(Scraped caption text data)

┄┄┄┄┄┄┄┄┄┄

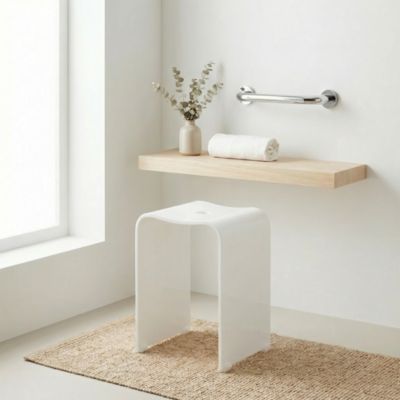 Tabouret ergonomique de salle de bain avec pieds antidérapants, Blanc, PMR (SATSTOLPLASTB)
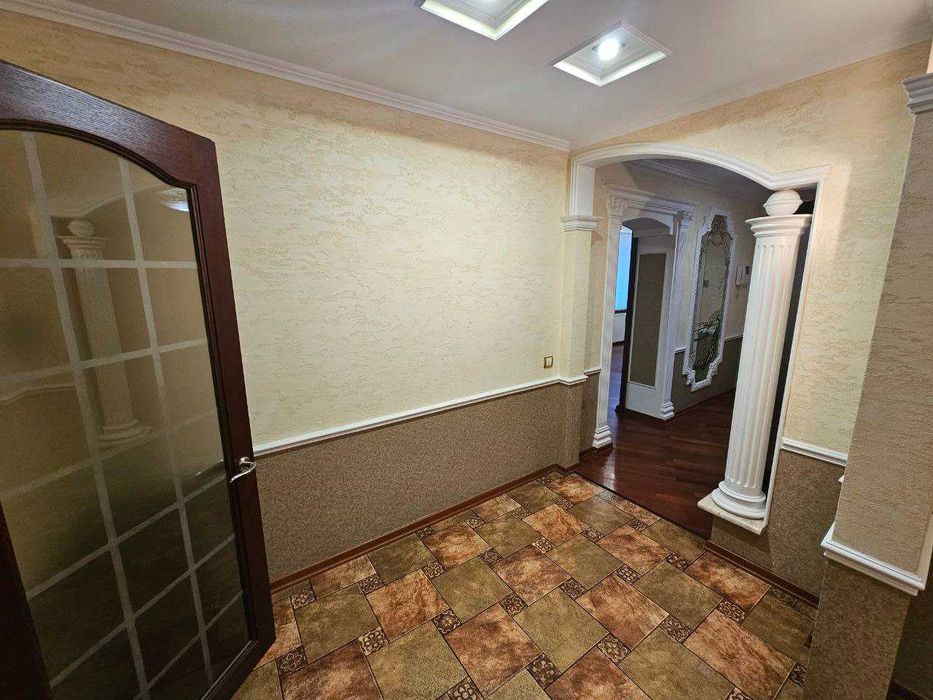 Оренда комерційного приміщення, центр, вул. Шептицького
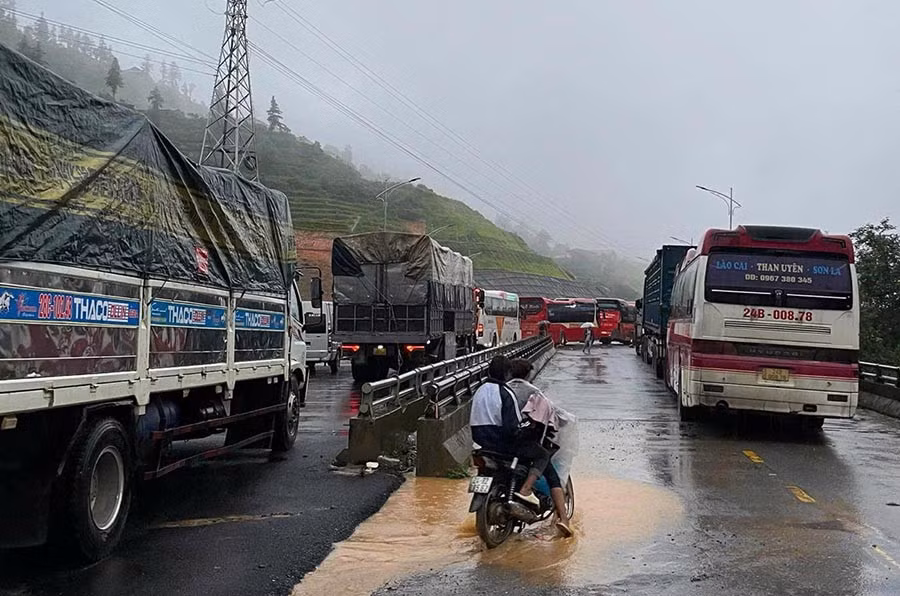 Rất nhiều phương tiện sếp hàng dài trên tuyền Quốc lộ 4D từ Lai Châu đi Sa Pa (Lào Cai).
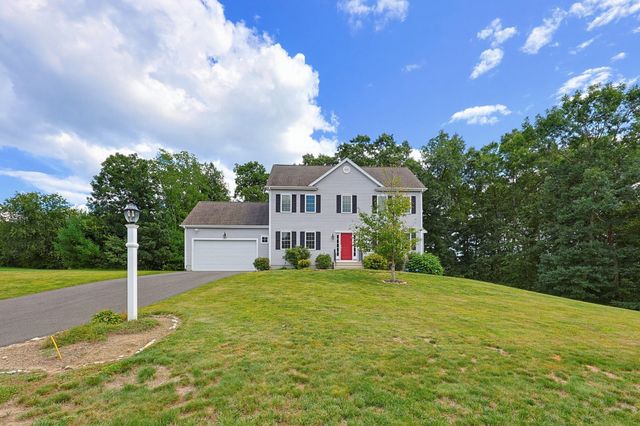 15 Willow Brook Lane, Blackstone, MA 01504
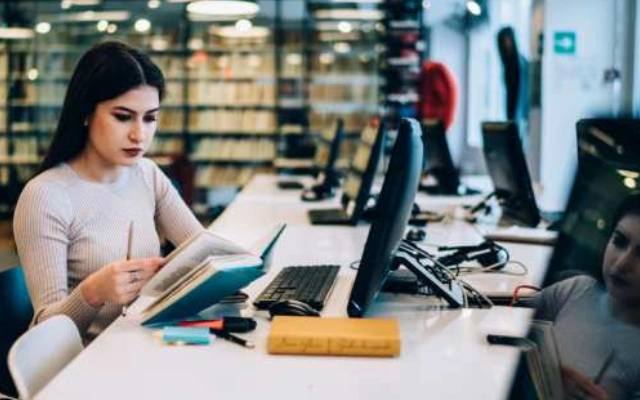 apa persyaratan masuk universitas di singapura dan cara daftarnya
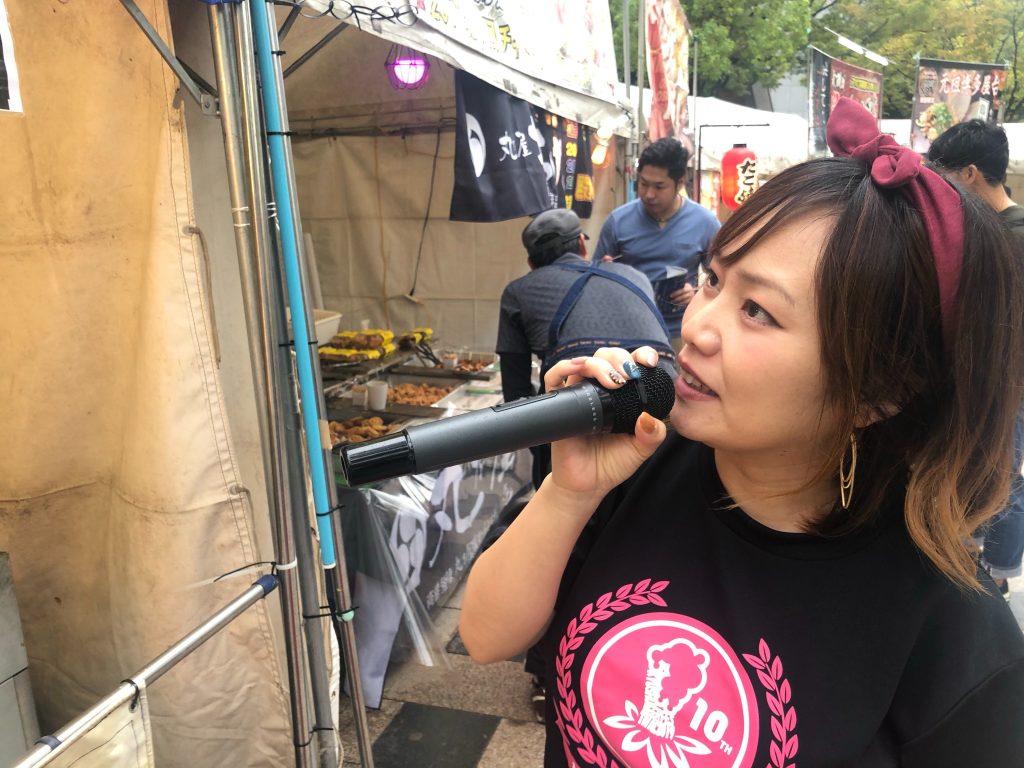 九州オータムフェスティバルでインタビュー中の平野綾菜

┄┄┄┄┄┄┄┄┄┄

What the task asks -
Please print the span that begins at the line holding "Rất nhiều phương" and ends at the last line of the data, both ends included, with no pictures.

Finished exercise -
 Rất nhiều phương tiện sếp hàng dài trên tuyền Quốc lộ 4D từ Lai Châu đi Sa Pa (Lào Cai).
 15 Willow Brook Lane, Blackstone, MA 01504
 apa persyaratan masuk universitas di singapura dan cara daftarnya
 九州オータムフェスティバルでインタビュー中の平野綾菜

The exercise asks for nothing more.